Another problem could come from brain-scan pain tests getting used in court. Some people approximate that awards for pain and suffering make up about half of personal injury damage awards. So there's big money on the line. "The legal system has a tremendous need for more objective ways of measuring pain," says Adam Kolber, a professor at Brooklyn Law School who has written extensively about the future ethical and legal implications of pain testing. "There is the potential for abuse. There's always the potential for people misusing this technology for insurance purposes to deny care."

He's not that concerned about how pain tests will be used in the long run. He notes that there are standards in place to stop new technology from becoming admissible evidence until it's fully developed. And he focuses on the positive side of what the technology could do: "This is a possibility of better compensating people who are in pain. I think that's promising."

But not everyone agrees. And Mark Sullivan is one of them. He's a psychiatrist and bioethicist at the University of Washington who specializes in treating patients with chronic pain. He's been one of the most vocal opponents of the drive to find objective measures of pain.

He's debated both Mackey and Wager in person at pain research meetings and debated on paper in the Journal of Pain in 2013. And he says he's concerned about people who are truly ill being denied workers' compensation and social security because nothing can be found on a brain scan: "You could easily see a situation where someone says, ‘Well, I can't work because I have terrible back pain.' And you stick them in an MRI scanner and it's ‘I don't see any evidence that you're in pain. So we're not going to give you disability payments anymore.'"

Whether it leads to good or bad outcomes, computing power, fMRI resolution, and data from patients will keep increasing. Technology will march on, and someday, someone is going to start selling something called an objective pain test, whether or not that's actually what it's capable of.

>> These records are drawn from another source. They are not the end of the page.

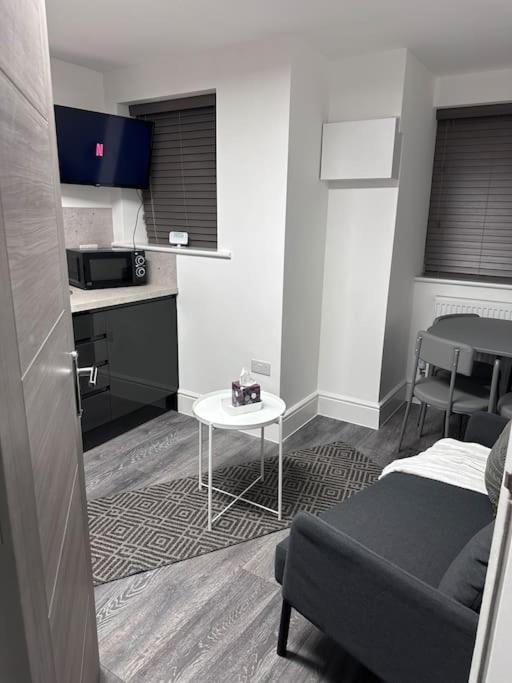 2bed Flat In ! Leicester
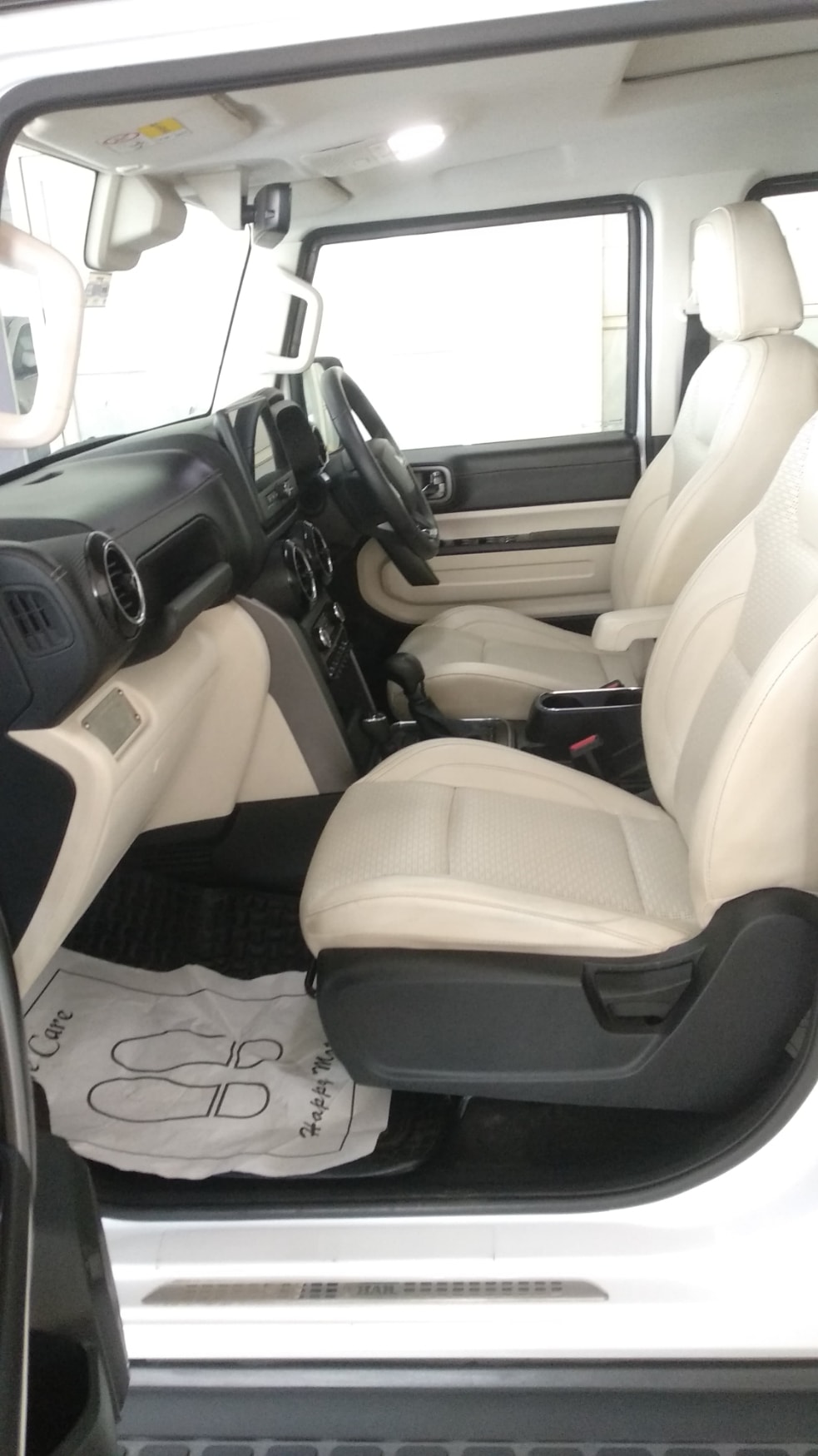 Used 2024 Mahindra Thar Roxx Used 2024 Mahindra Thar Roxx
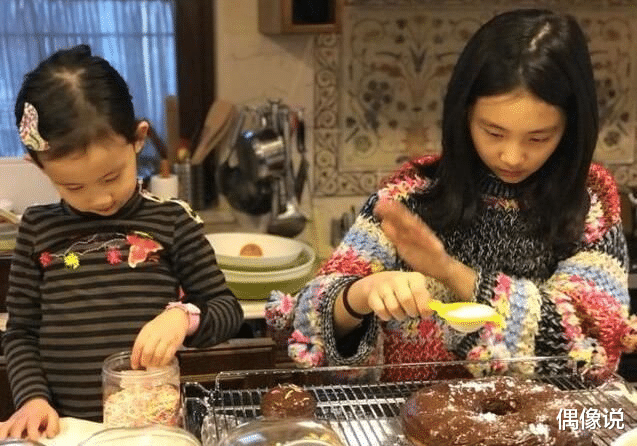 @黄渤豪宅自制杏酱，曝光院子里的超大草坪，但厨房装修十分接地气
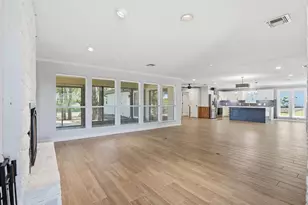 6406 Lansdowne Ct, Granbury, TX 76049 - Photo 6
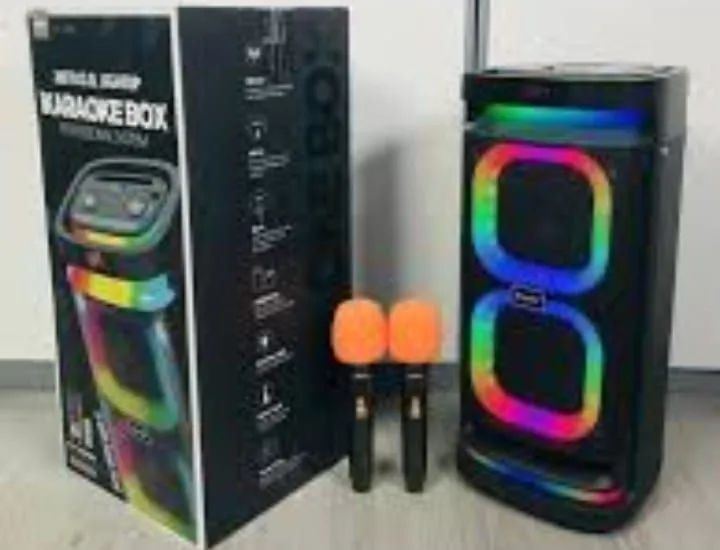 Mega caixa de som potente amplificada 2 microfone sem fio Bluetooth 700w - Foto 2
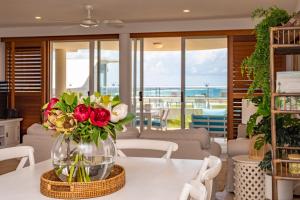 Noosa Crest Luxury Ocean View Apartment 32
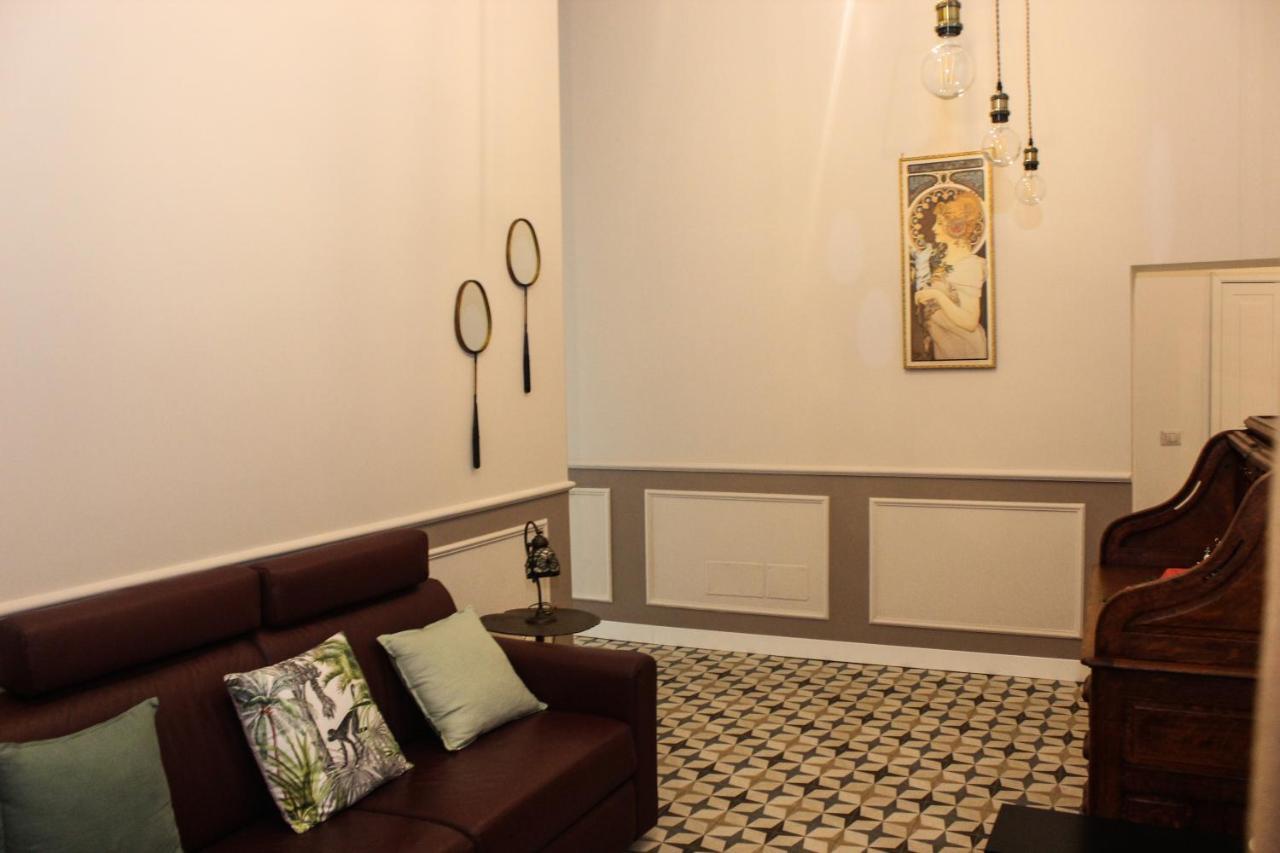 Le Chiavi Di Casa Bed & Breakfast Naples Exterior photo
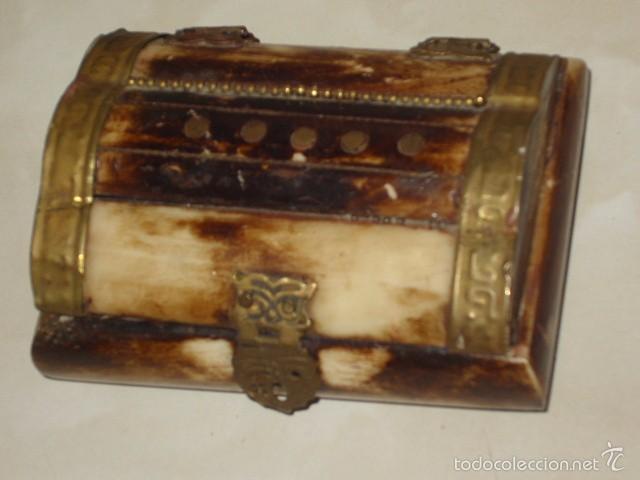 Cajas y cajitas met&aacute;licas: CAJA DE HUESO. - Foto 2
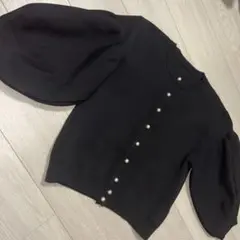 【新品未使用】黒 パフスリーブ ニットガーデ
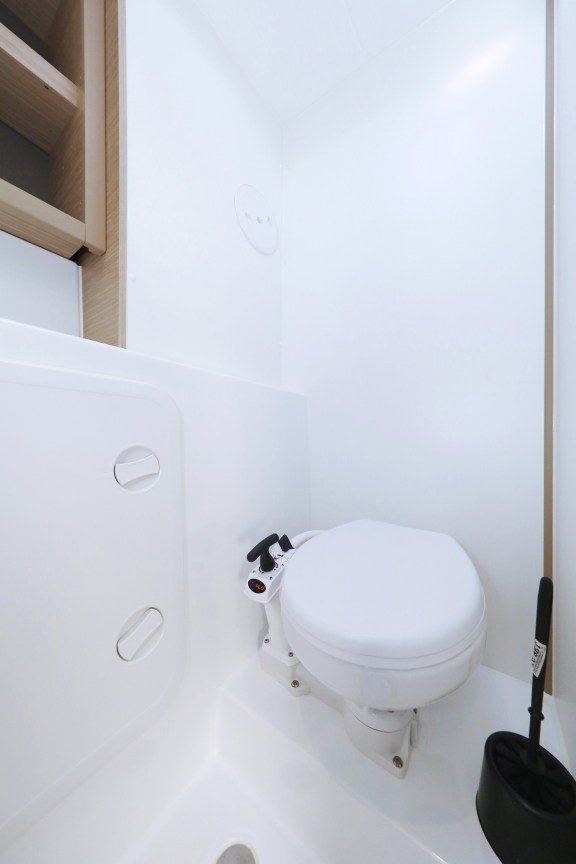 Image of Equator yacht #31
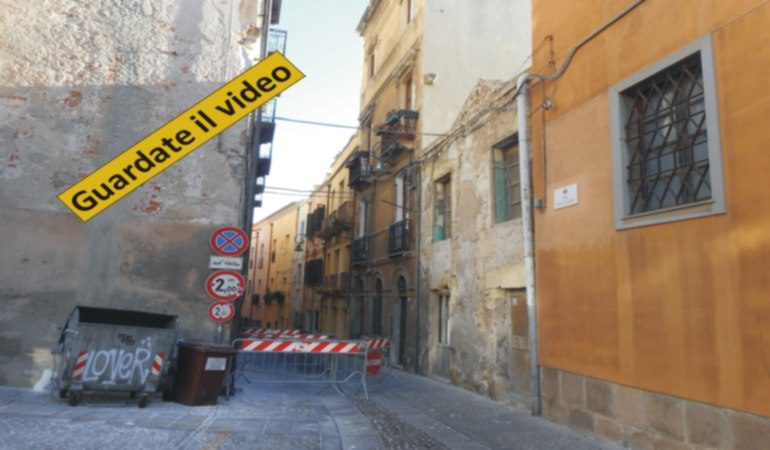 Cagliari, Castello: Via Canelles chiusa al traffico per la caduta di   calcinacci – VIDEO
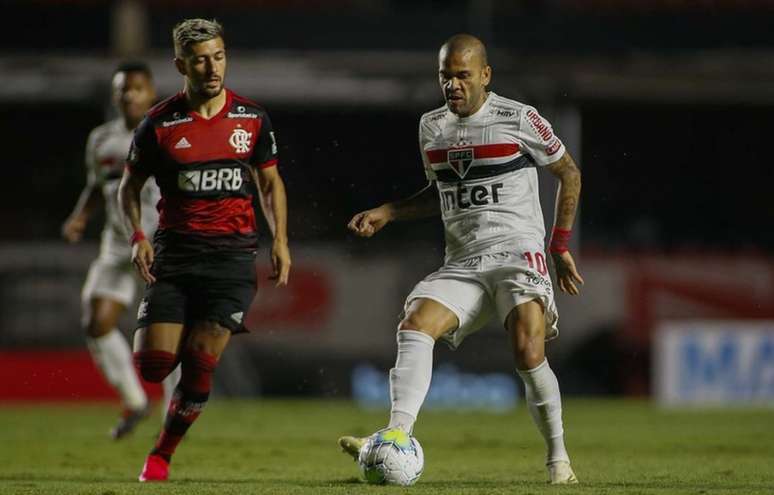 Daniel Alves vive um de seus melhores momentos desde o retorno ao futebol brasileio, no meio da última temporada (Miguel Schincariol/saopaulofc.net)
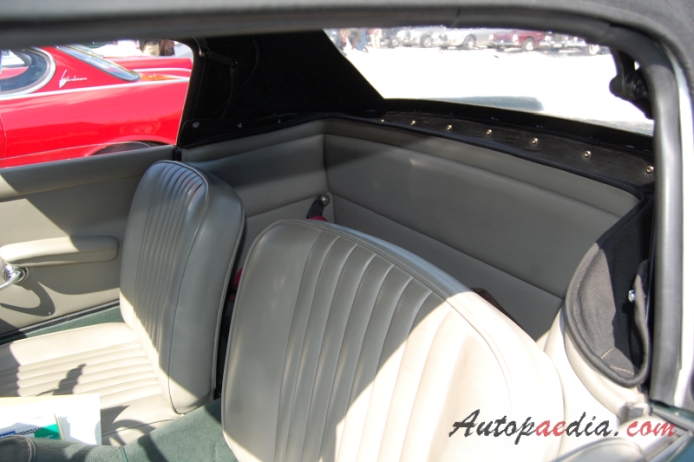 Maserati 3500 GT 1957-1964 (1960-1964 Vignale Spyder 2d), interior
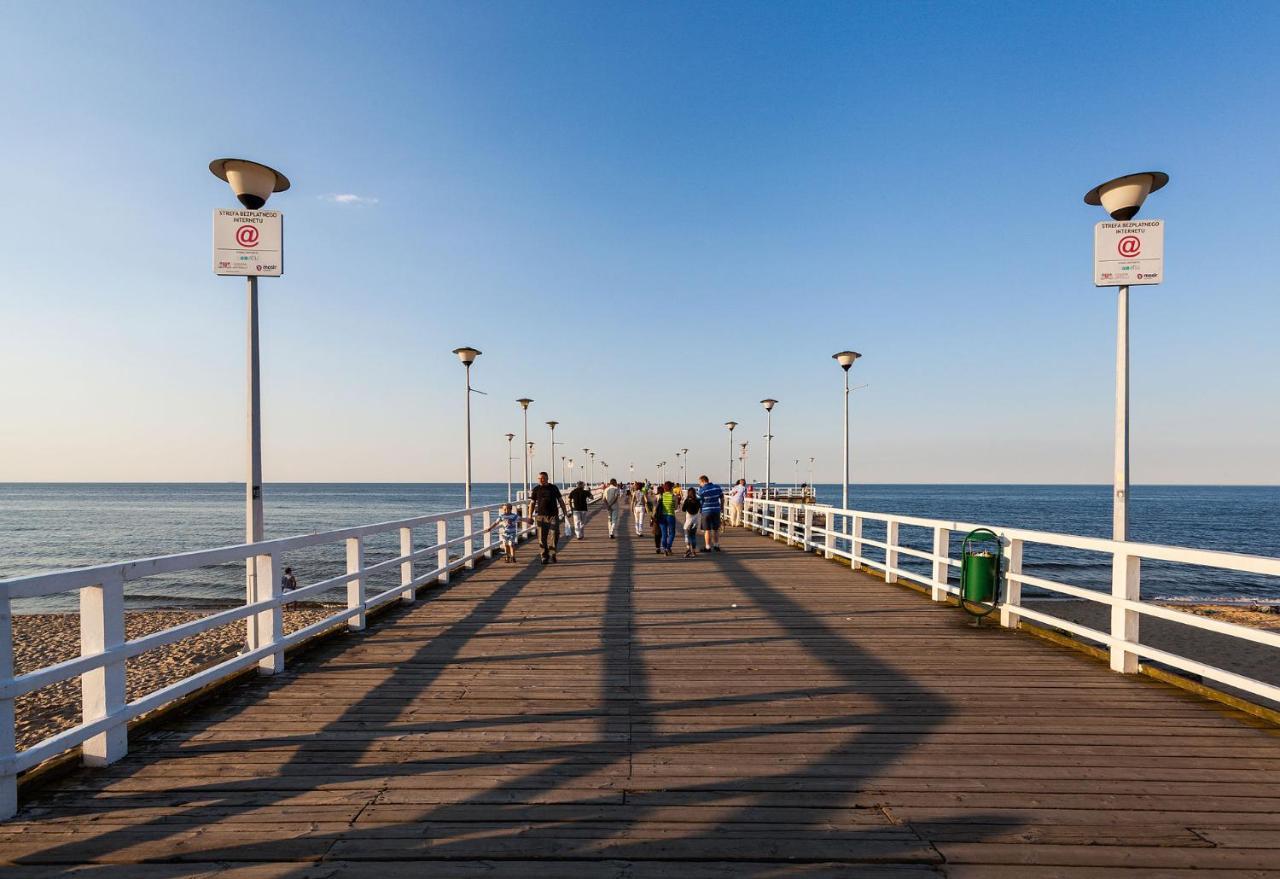 Mieszkanie Sea Waves Lägenhet Gdańsk Exteriör bild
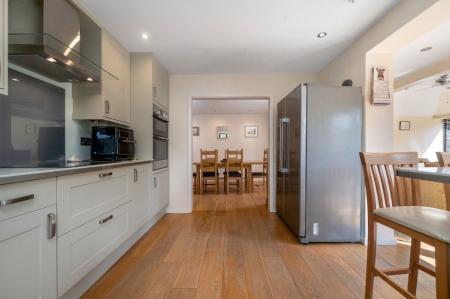 3 bedroom House for sale in Orchard Close, Egleton, LE15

And no matter how accurate the test is or isn't, the images it produces could help pain become a more visible problem in health care. Pain isn't something that someone can see, like a physical wound. It can take numerous forms, making it easier for medical practitioners to ignore.

44-year-old Californian Elizabeth Schenk is one of the many patients who've had doctors ignore her agony. She used to be a pilates instructor, but her chronic pain has brought her into a new career counseling people with pain problems. At its worst, her pain has been excruciating: "like someone was dragging a knife down my thigh," and "like someone taking a hammer to my thumb," and "a chisel to my spine."

"What I've experienced in the medical world is that if they don't see anything, they won't do anything," she says. But brain imaging can put an image to the invisible. It can give them something to see.